Ilustrasi perbedaan pendapat
Terasmuslim.com - Perbedaan pendapat merupakan sunnatullah yang pasti terjadi dalam kehidupan bermasyarakat dan beragama.
Secara fitrah, setiap manusia dibekali latar belakang, sudut pandang, serta pemahaman yang tidak selalu sama.
Dalam pandangan Islam, keragaman pemikiran hendaknya disikapi dengan kedewasaan akhlak dan kelapangan dada.
Al-Qur`an telah memberikan panduan baku mengenai tata cara berdiskusi dan bertukar pikiran secara santun.

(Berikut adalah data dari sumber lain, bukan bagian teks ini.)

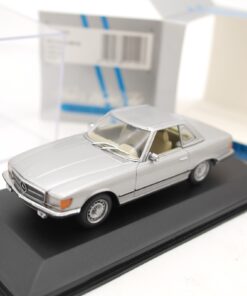 Minichamps 1:43 430 033450 Mercedes Benz 350 SL Cabriolet hard top in OVP RR1568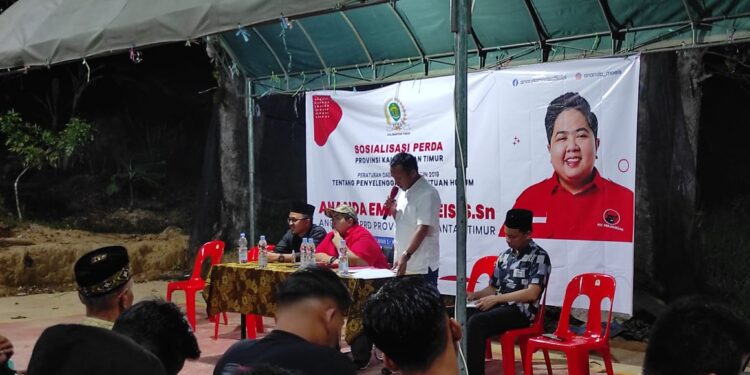 Ananda Emira Moeis Gelar Sosialisasi Bantuan Hukum di Lempake Samarinda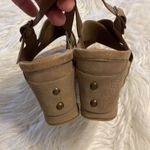 Pierre Dumas  Sandals size 10 excellent condition color tan Photo 13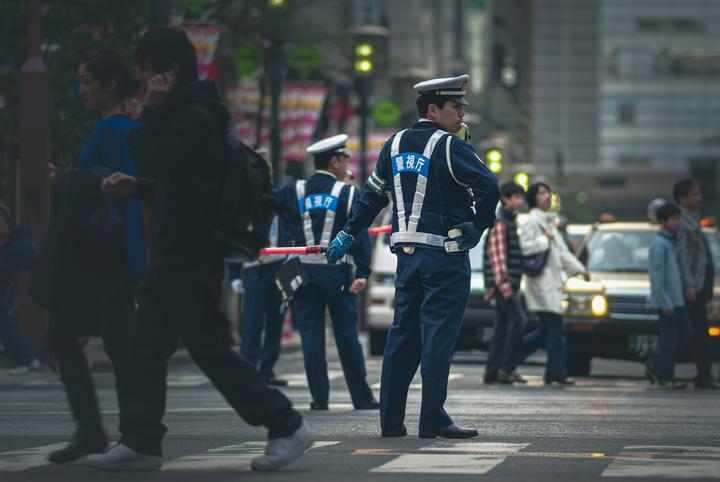 山西高速交警白旭1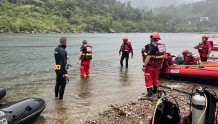 温州一男子溺水失联两天，救援人员：山洪导致搜救困难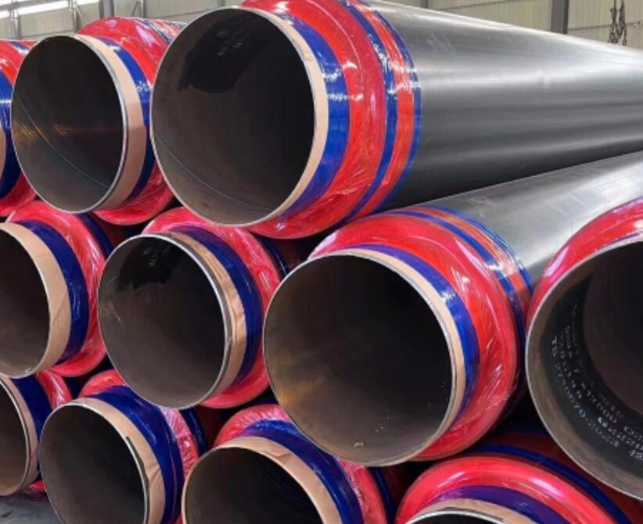 滁州预制聚氨酯保温管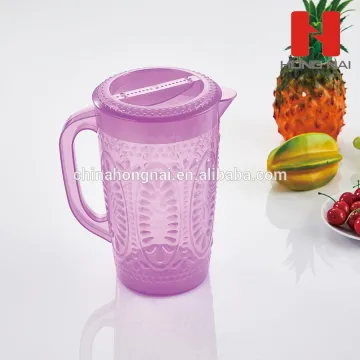 plastic milk tea jug hot and cold water jug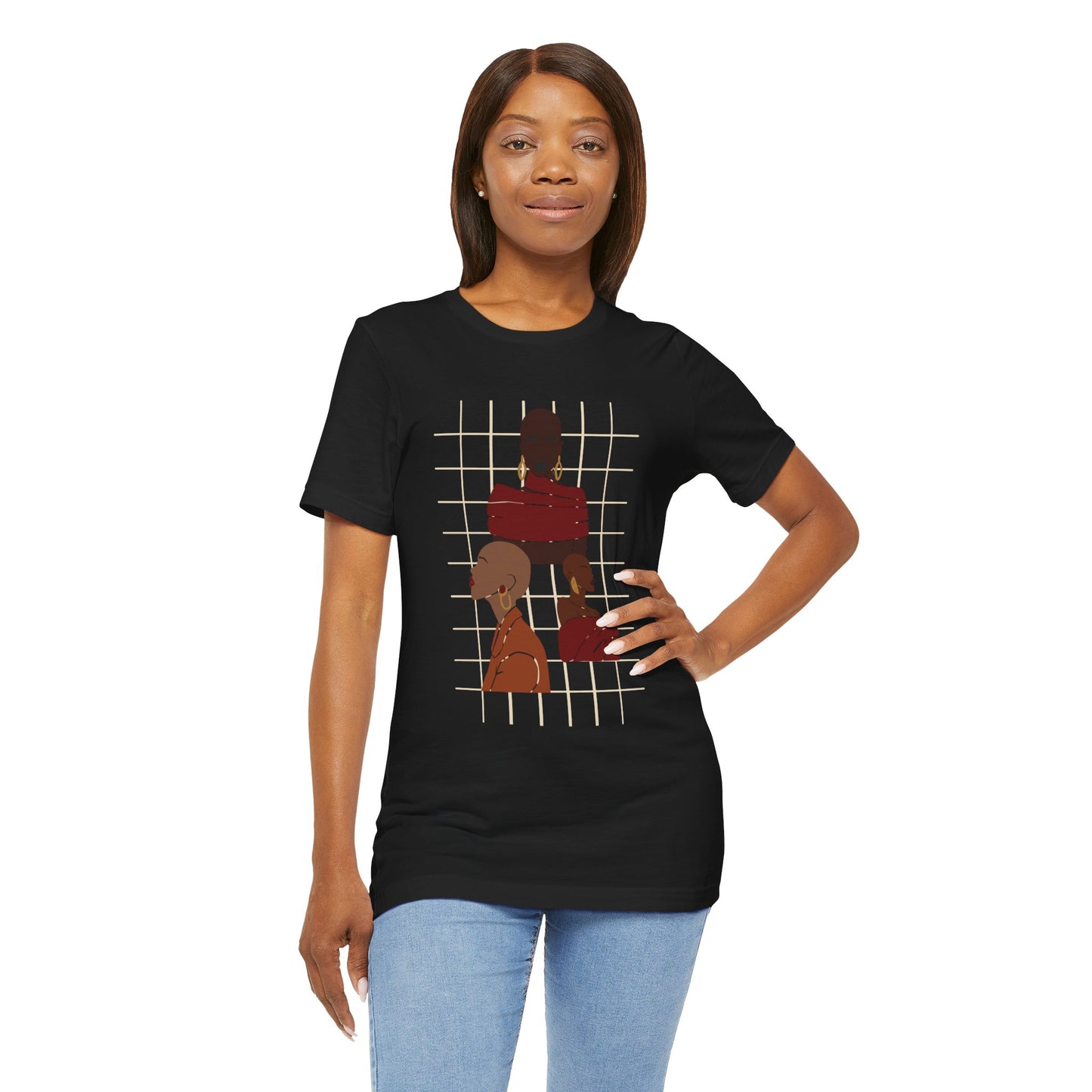 Bald and Beautiful Unisex Tee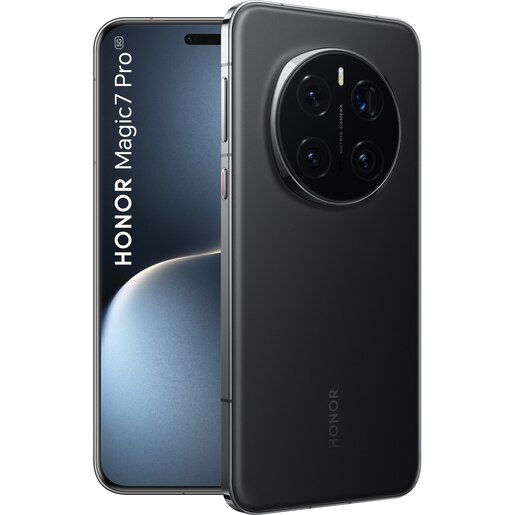 Telefon HONOR Magic 7 Pro, 512GB, 12GB RAM, Dual SIM, Black Telefon HONOR Magic 7 Pro, 512GB, 12GB RAM, Dual SIM, Black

Allah SWT berfirman: "Serulah (manusia) kepada jalan Tuhanmu dengan hikmah dan pengajaran yang baik, dan berdebatlah dengan mereka dengan cara yang baik..." (QS. An-Nahl [16]: 125).
Seorang muslim yang bijak tidak akan membiarkan perbedaan pandangan merusak tali persaudaraan sesama umat.
Menghargai pendapat orang lain bukan berarti mengorbankan prinsip, melainkan bentuk penghormatan terhadap martabat sesama.
Rasulullah SAW mengingatkan agar umatnya menghindari perdebatan sengit yang hanya memicu permusuhan dan kebencian.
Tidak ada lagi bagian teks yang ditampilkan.